EXERCISE PROMPT.
Omit all pictures and transcribe only the lines in the entries below that run from the line with "Drop Shipping Custom" through the line with "Women's Classic Faux".

PROVIDED DATA.
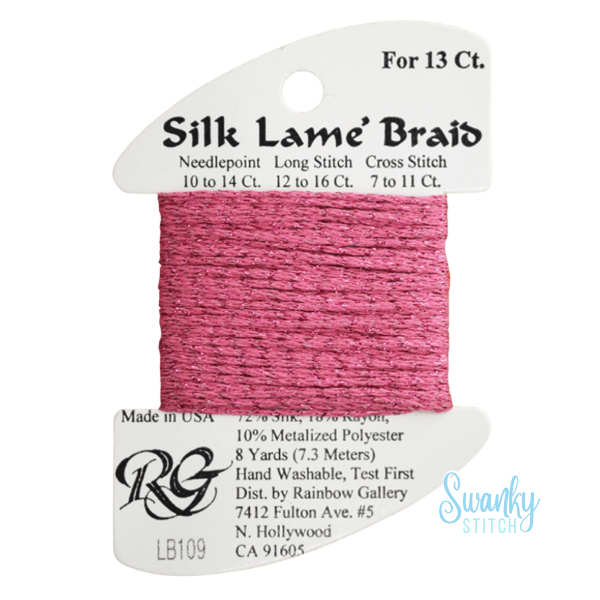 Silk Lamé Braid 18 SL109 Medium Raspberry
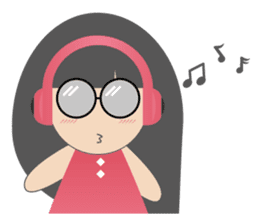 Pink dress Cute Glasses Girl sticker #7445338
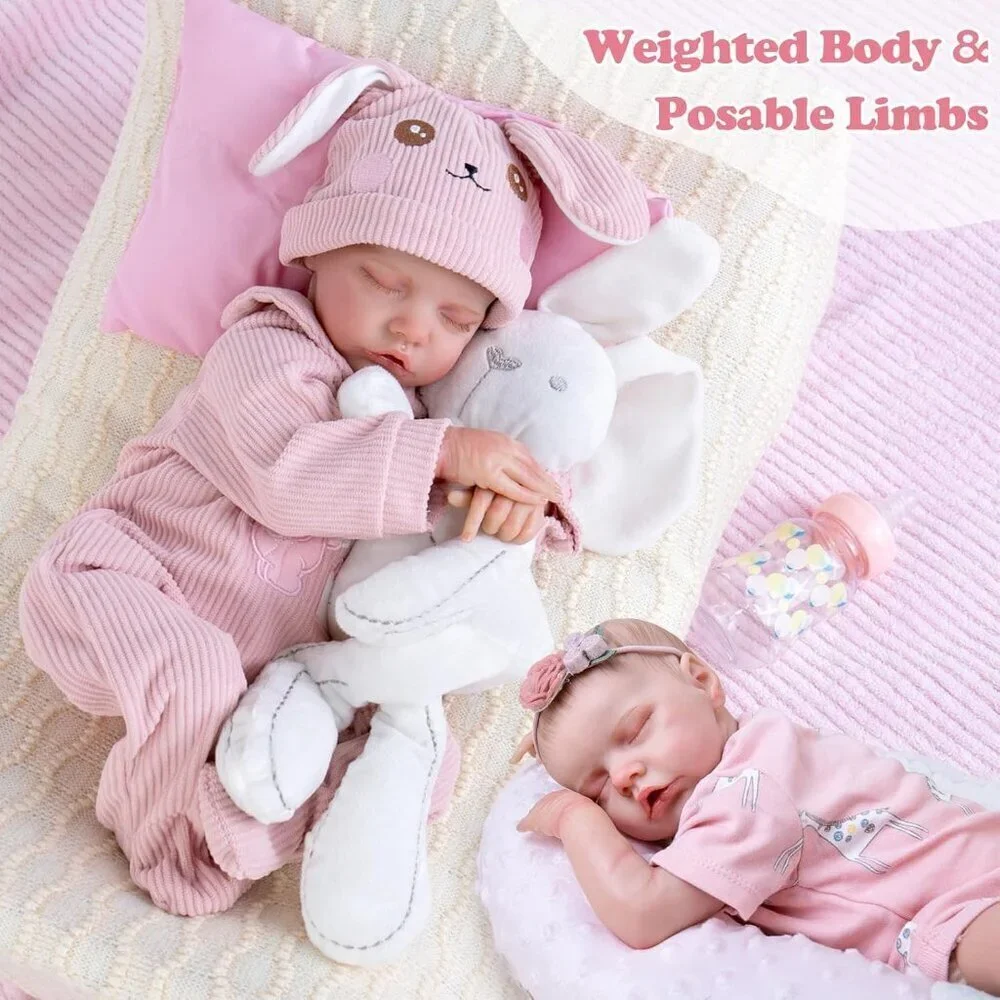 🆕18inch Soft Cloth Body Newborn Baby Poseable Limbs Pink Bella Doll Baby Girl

==

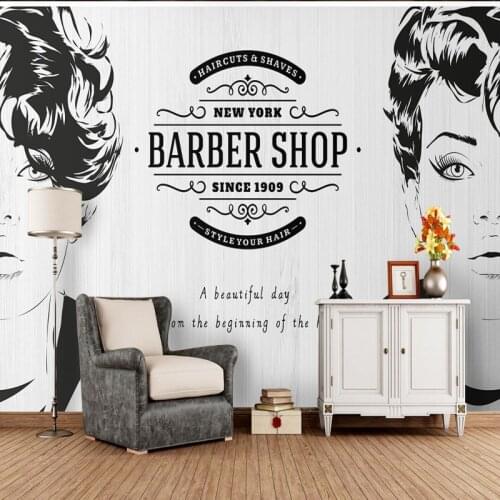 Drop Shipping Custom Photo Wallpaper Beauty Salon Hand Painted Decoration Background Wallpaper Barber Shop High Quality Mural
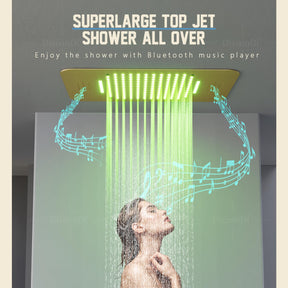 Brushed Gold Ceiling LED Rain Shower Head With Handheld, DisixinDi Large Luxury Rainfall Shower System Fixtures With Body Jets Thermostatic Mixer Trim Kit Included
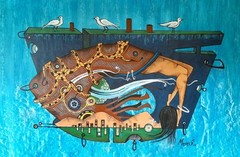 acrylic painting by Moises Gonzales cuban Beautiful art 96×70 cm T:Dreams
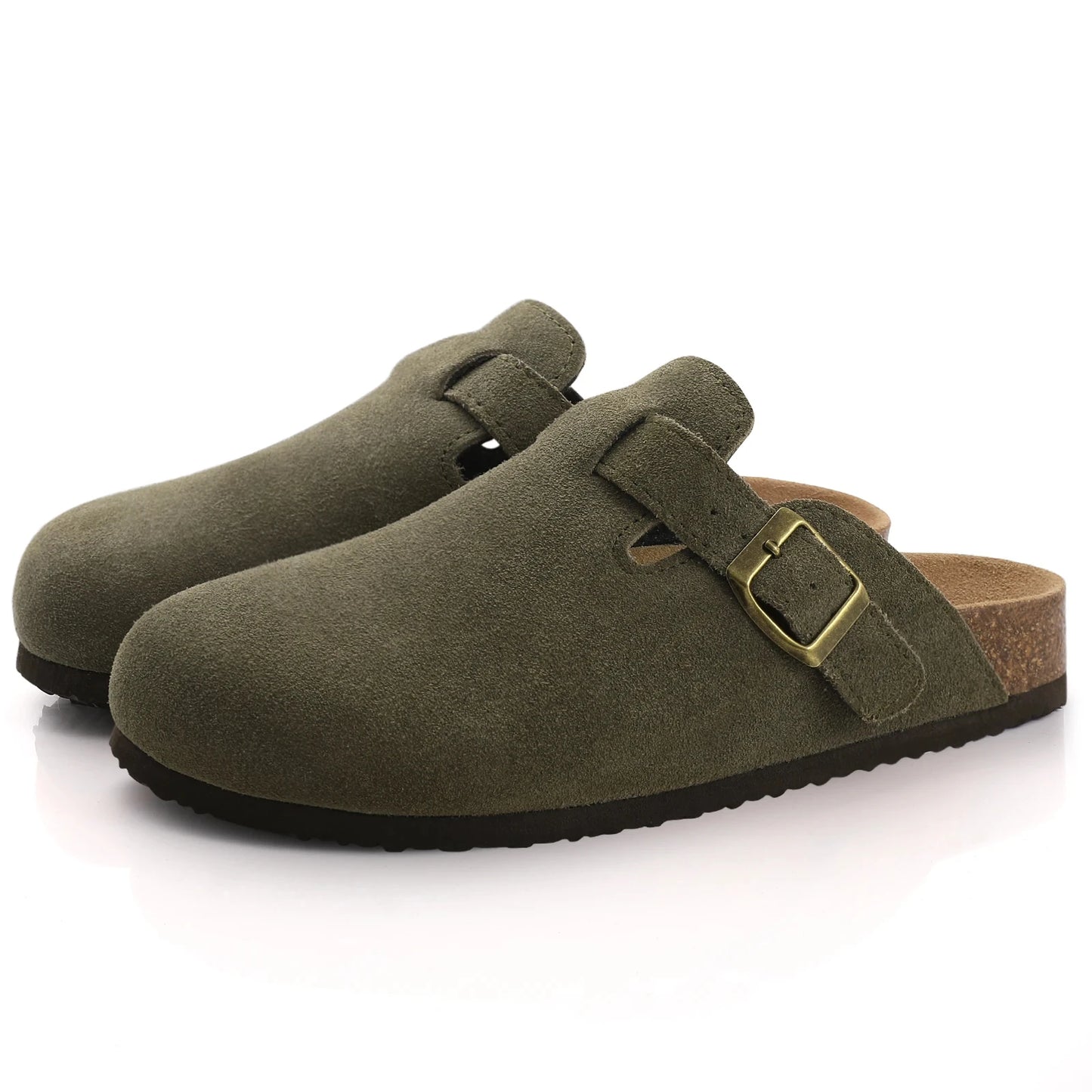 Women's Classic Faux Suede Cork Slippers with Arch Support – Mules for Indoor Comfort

PROBLEM SOLUTION.
 Drop Shipping Custom Photo Wallpaper Beauty Salon Hand Painted Decoration Background Wallpaper Barber Shop High Quality Mural
 Brushed Gold Ceiling LED Rain Shower Head With Handheld, DisixinDi Large Luxury Rainfall Shower System Fixtures With Body Jets Thermostatic Mixer Trim Kit Included
 acrylic painting by Moises Gonzales cuban Beautiful art 96×70 cm T:Dreams
 Women's Classic Faux Suede Cork Slippers with Arch Support – Mules for Indoor Comfort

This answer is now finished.